#### Collected material
-*-
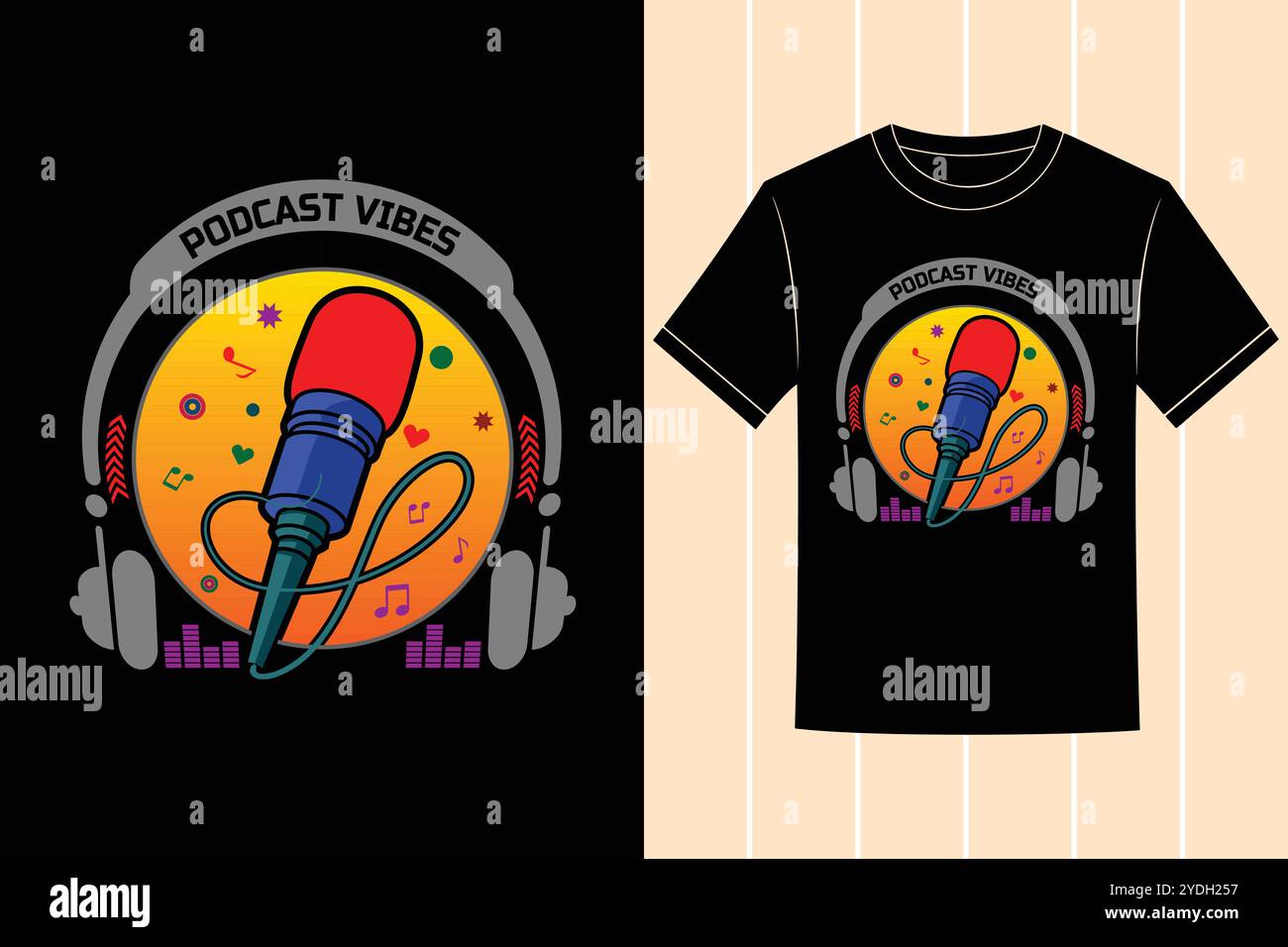 World Music Vibes T-shirt Design et meilleure illustration vectorielle de podcast de musique Illustration de Vecteur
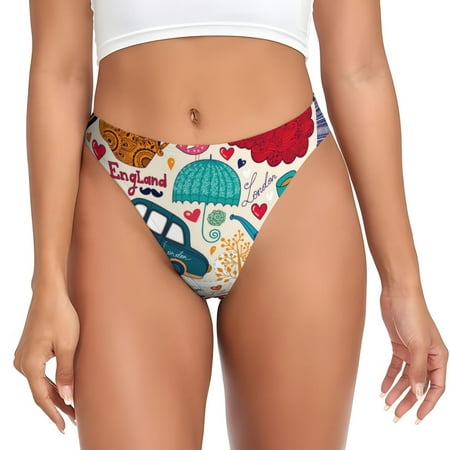 Qokaie London Symbols Printed Women s Cotton Thong Underwear  Sexy Breathable Panties G-string-Small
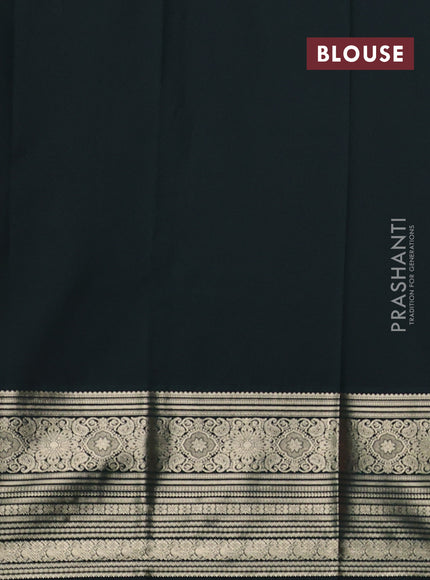Semi kanchipuram silk saree pink and bottle green with zari woven buttas and zari woven border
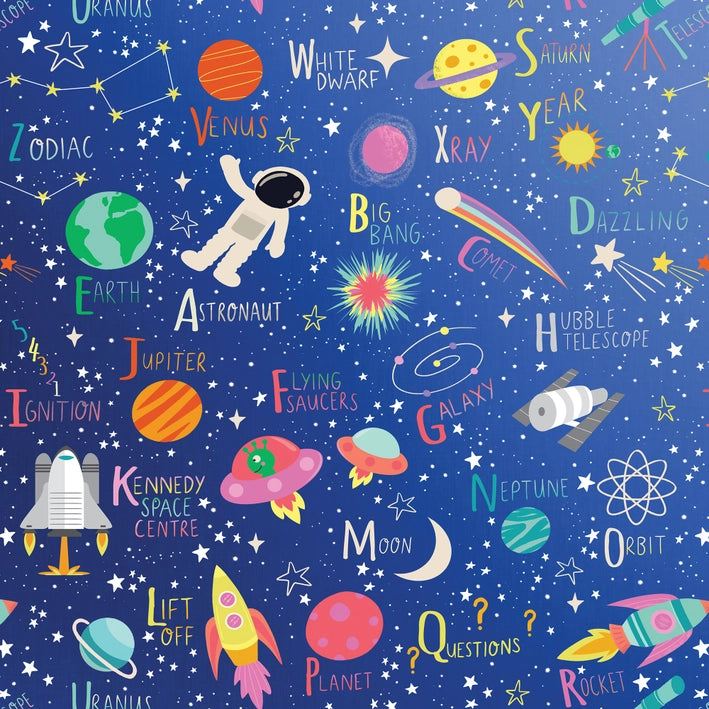 Outer Space Alphabet Gift Wrap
-*-
#### Work required
The answer should hold every line of the listing, copied exactly, with no pictures.

#### Answer section
 World Music Vibes T-shirt Design et meilleure illustration vectorielle de podcast de musique Illustration de Vecteur
 Qokaie London Symbols Printed Women s Cotton Thong Underwear  Sexy Breathable Panties G-string-Small
Semi kanchipuram silk saree pink and bottle green with zari woven buttas and zari woven border
 Outer Space Alphabet Gift Wrap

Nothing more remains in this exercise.